**WHAT YOU ARE ASKED TO DO**
Excluding all pictures, please output the listing exactly.

**DATA EXTRACT**
□ □ □ □ □ □ □
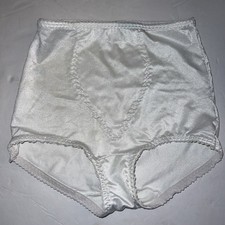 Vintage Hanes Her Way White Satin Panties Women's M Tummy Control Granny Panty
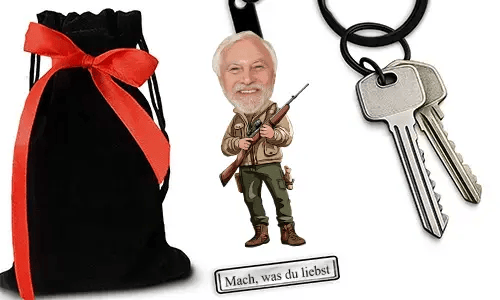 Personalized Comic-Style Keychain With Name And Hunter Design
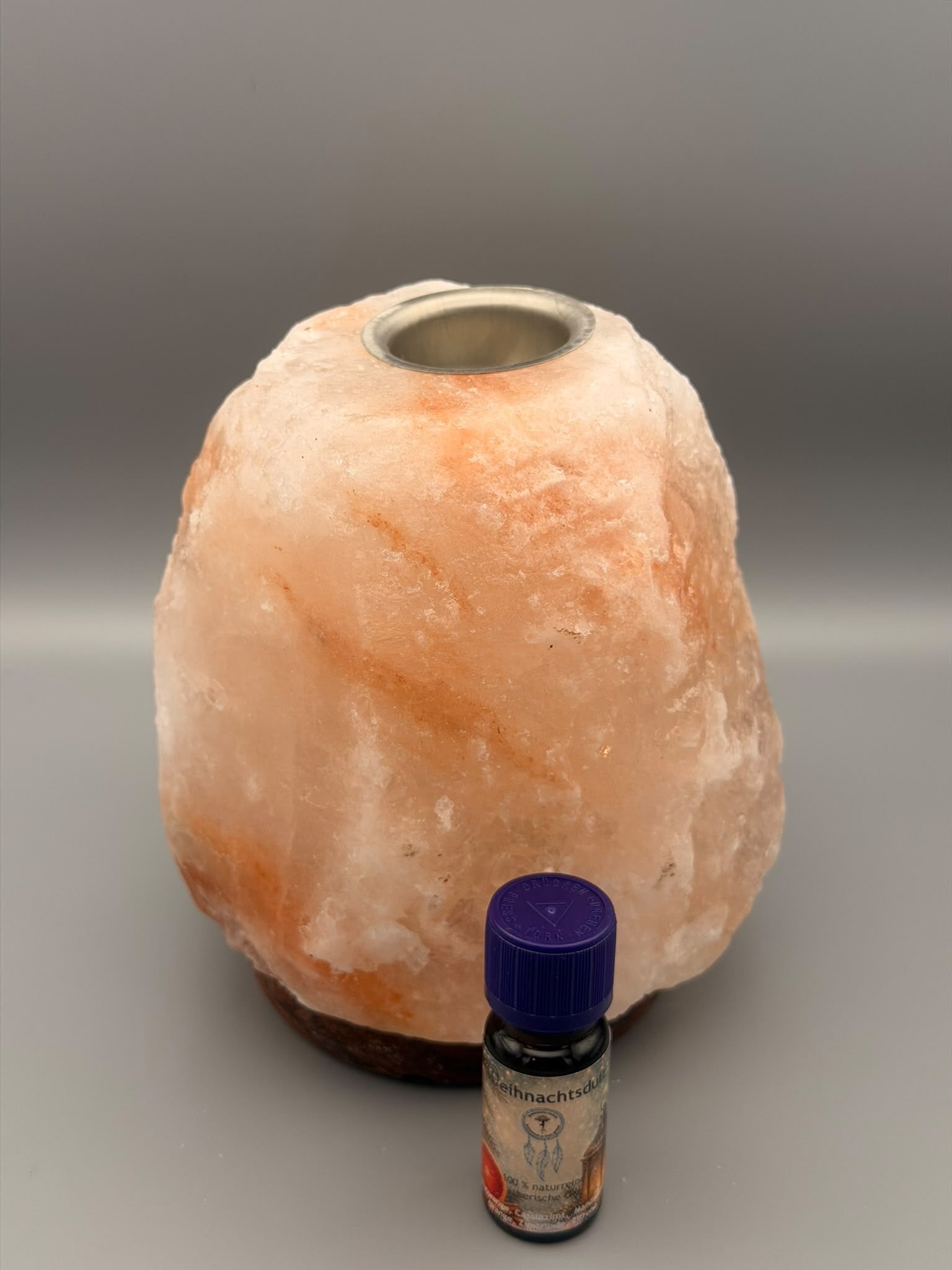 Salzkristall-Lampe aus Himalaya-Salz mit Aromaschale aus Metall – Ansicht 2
□ □ □ □ □ □ □
**EXERCISE RESPONSE**
 Vintage Hanes Her Way White Satin Panties Women's M Tummy Control Granny Panty
 Personalized Comic-Style Keychain With Name And Hunter Design
 Salzkristall-Lampe aus Himalaya-Salz mit Aromaschale aus Metall – Ansicht 2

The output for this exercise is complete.